Ok there you have it guys, True hard core data and you can see for yourself whats better for your deer and see alot of the missing elements that are needed to be a great deer mineral and note that LB has no Phosporus as this is needed to aid and balance Calcium and Pur is way to low in Cal and Phos for their mix.Will The first product outperform the others, Yes.Will it provide better energy levels,better milk production in does Yes. Will it help grow healthier deer ,Yes.You can also see lack of balance between alot of these products Pur Bio and LB and alot of needed missing elements.Vitamins are a needed source and aid in helping to metabolise mineral elements as well. So you be the final judge.Thanks all and hope this helps out and answers alot of your questions.PM me if you need any help with any of the scale I just looked and it did not come out as I printed it in the subject box but its close. Thanks and have a blessed evening all.


----------



## Swamprat (May 22, 2011)

Not sure if wildlifepro is like lots of other salesmen out there but he seems to know his stuff and has some posted some pretty good info that we all can use.

Thanks for taking the time to explain things we (or at least my simple mind) can understand.


----------



## Gadestroyer74 (May 22, 2011)

Surely you know what your talking about.

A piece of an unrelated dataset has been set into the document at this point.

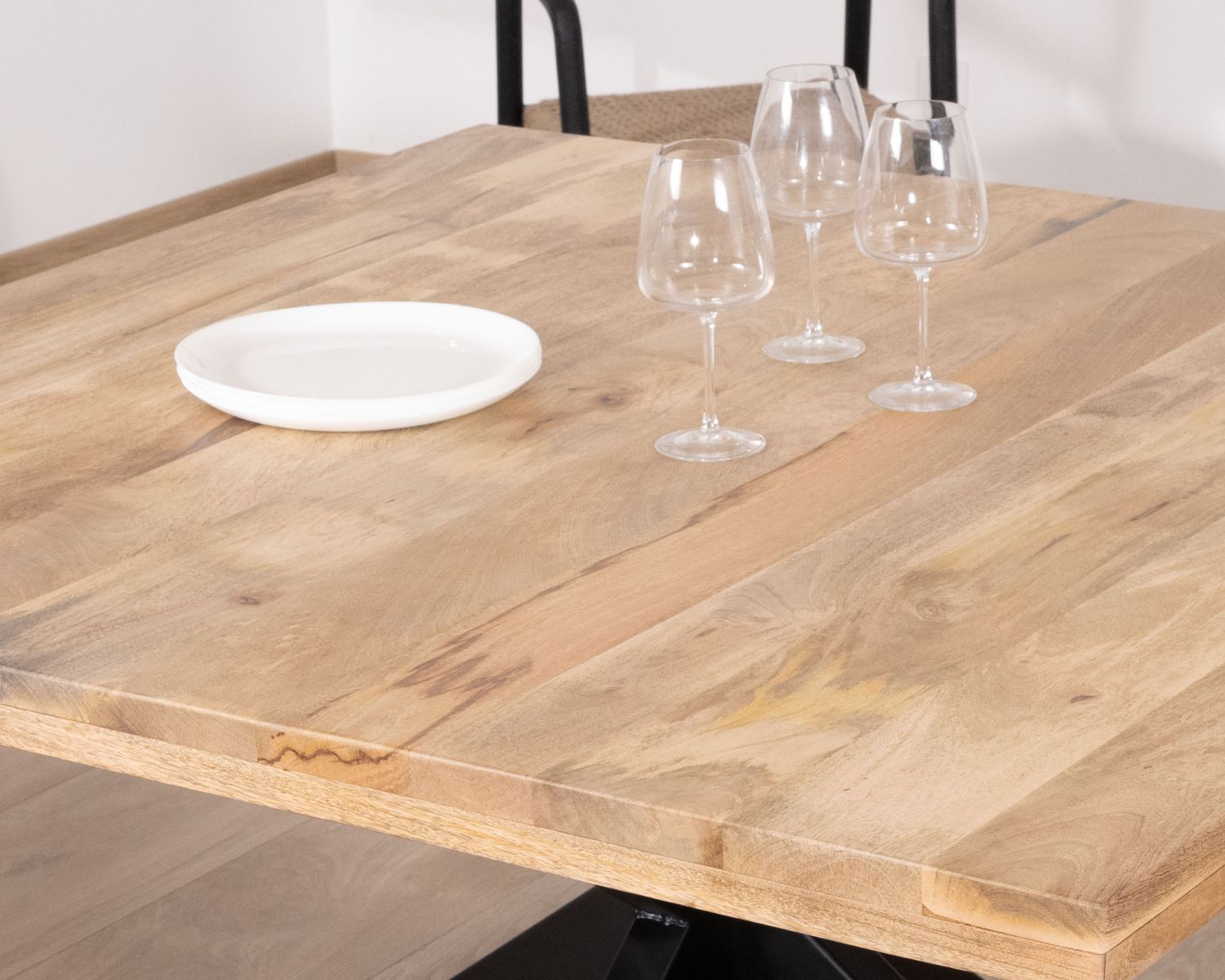 Table à manger carrée 140x140cm bois et métal industriel "Caractère"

Here is my 2 cents I don't understand any of that and nor do I care to. I am a deer hunter not a deer farmer these animals have done quite well on there on with out all this messing with them. I do agree it helps and is much better. I'm not in a competition with the tv shows to grow a world record deer. I surely am not in the money making business of using our great sport to turn it into this pro sport look out how they look now let's just leave it alone and hunt and enjoy what mother nature provides us ..


----------



## wildlifepro (May 22, 2011)

Hey  Swamprat, Thanks for the kind words, You know I never really thought of my self as a salesman LOL... But I dont think you will find to many people that have the passion I have for the deer health and nutrition as I do. I really believe in education and helping good people out  and getting them on the right path when it comes to land mgt, health, etc...If I can help you out anytime just ask.And again thanks for the kind words.  Ps, always love seeing your Avatar to,Pretty cool!!


----------



## Swamprat (May 22, 2011)

wlp...no problem and I did have to bring her back due to popular demand.

bhearn....I understand and agree with what you are saying as well. I guess if folks want to spend money to improve their deer herd they might as well do it right and spend the money on the right stuff.

I just enjoy the hunting aspect but in Florida I did feed the deer a 50/50 mix of deer chow and corn. Did it help...I tend to think so in the overall health and weight gain. The antlers did see some improvement but due to less than ideal soil conditions the gains from the feed were balanced out by the less than nutritious browse in our area.


----------



## wildlifepro (May 22, 2011)

bhearn92574 said:


> Surely you know what your talking about. Here is my 2 cents I don't understand any of that and nor do I care to. I am a deer hunter not a deer farmer these animals have done quite well on there on with out all this messing with them. I do agree it helps and is much better. I'm not in a competition with the tv shows to grow a world record deer. I surely am not in the money making business of using our great sport to turn it into this pro sport look out how they look now let's just leave it alone and hunt and enjoy what mother nature provides us ..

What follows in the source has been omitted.